MILAN, Feb 27 (Reuters) - Italian cable maker Prysmian reported a 3.1 percent rise in 2017 core earnings on Tuesday, broadly meeting its target for a year which ended with a deal to buy U.S. rival General Cable.
Gains in energy projects and the telecoms sector helped the world’s largest cable maker post adjusted earnings before interest, tax depreciation and amortisation (EBITDA) of 733 million euros ($897 million), but foreign exchange weighed.
Prysmian had targeted adjusted EBITDA of 710-750 million euros, but Chief Executive Valerio Battista said in November that reaching the middle of that range would be difficult.
“Without the forex effect we would have been near to the max,” Battista said on a conference call on Tuesday.
A consensus of 17 analyst estimates, provided by the company, had pointed to adjusted EBITDA of 737 million euros.

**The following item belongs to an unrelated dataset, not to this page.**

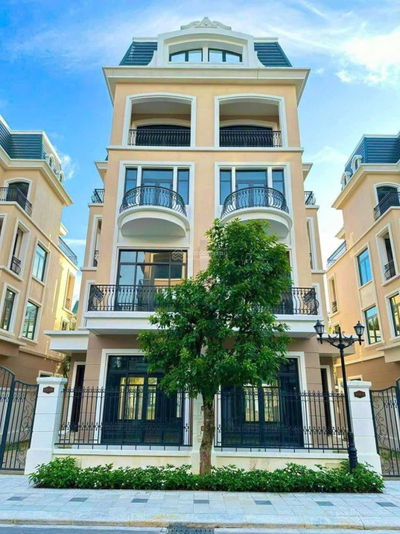 Chiết Khấu 30% vào Giá Căn Biệt Thự Đảo Biệt Thự Ngọc Trai Vinhomes Ocean Park 2 Giảm Giá 30%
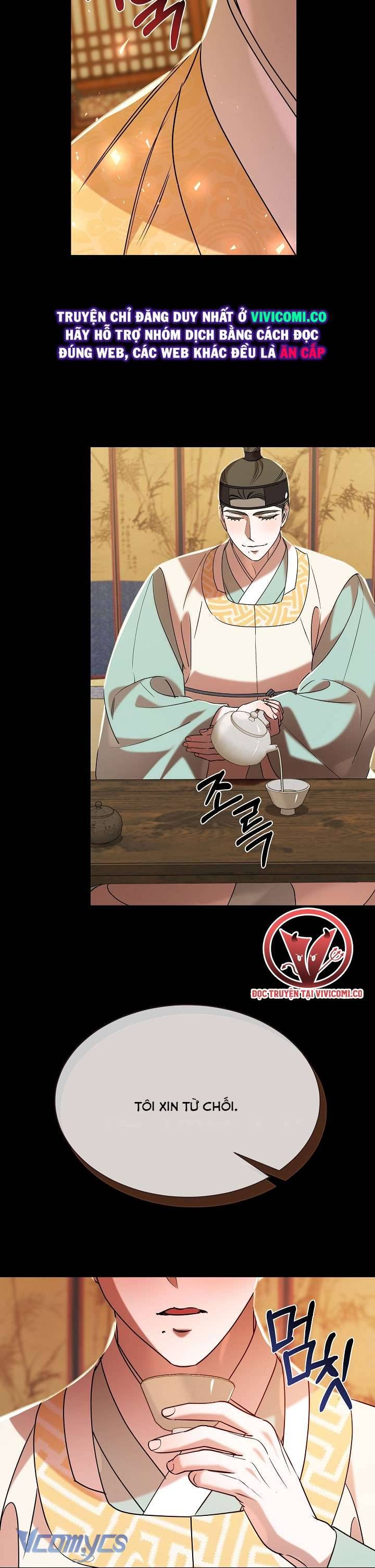 [18+] Xuyên Không Thành Tác Giả Truyện 18+ Chapter 43 32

Foreign exchange fluctuations will likely reduce 2018 core earnings by 20 million euros, Chief Financial Officer Francesco Facchini said on a conference call.
As European governments push to roll out high-speed broadband links, Prysmian is increasingly investing in developing cables and accessories for voice, video and data transmission, to cash in on fast growth in the sector and a shift towards 5G networks.

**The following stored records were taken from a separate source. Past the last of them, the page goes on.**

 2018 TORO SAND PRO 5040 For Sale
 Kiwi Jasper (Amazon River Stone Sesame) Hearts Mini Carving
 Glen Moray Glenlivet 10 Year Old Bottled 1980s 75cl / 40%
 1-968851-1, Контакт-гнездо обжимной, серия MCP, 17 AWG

Sales of telecom cables and systems reached 1.258 billion euros, representing organic growth of 5.3 percent over 2016.
“Telecom is really the racehorse today,” Battista said.

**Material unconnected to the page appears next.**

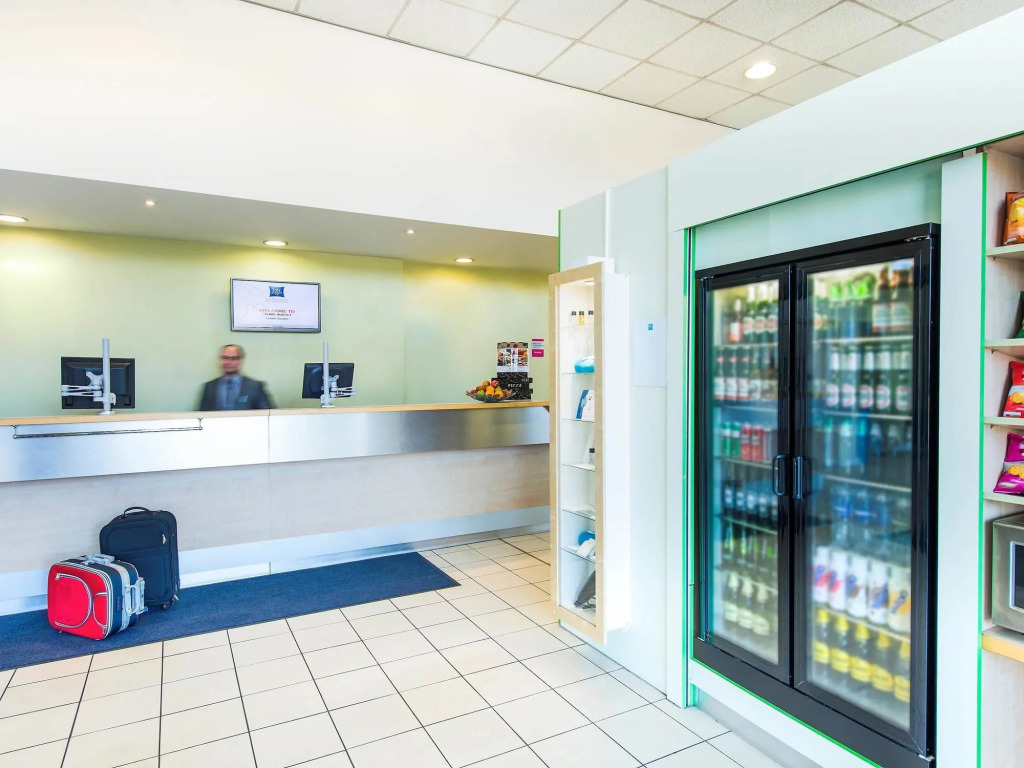 ibis budget Leeds Centre Royal Armouries Museum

The General Cable deal will create a group with combined sales of more than 11 billion euros, but Prysmian is looking around for more acquisitions.
Battista has said the group is looking at three targets, one in Asia, one in North America, and one described only as having a worldwide presence, but kept investors guessing on exactly what it wants to buy.
Despite paying a chunky premium for General Cable, Prysmian plans to pay cash for its Kentucky-based rival, then launch a rights issue to give it capital for other purchases.
It aims to raise up to 500 million euros through the rights issue, which is scheduled to be carried out by the end of July 2019. Shareholders will be called to a meeting to approve the deal on April 12.
Revenue for the full year hit 7.901 billion euros, representing a 0.1 percent fall from the previous year in organic terms, but beating the 7.797 billion euro consensus estimate provided by the company.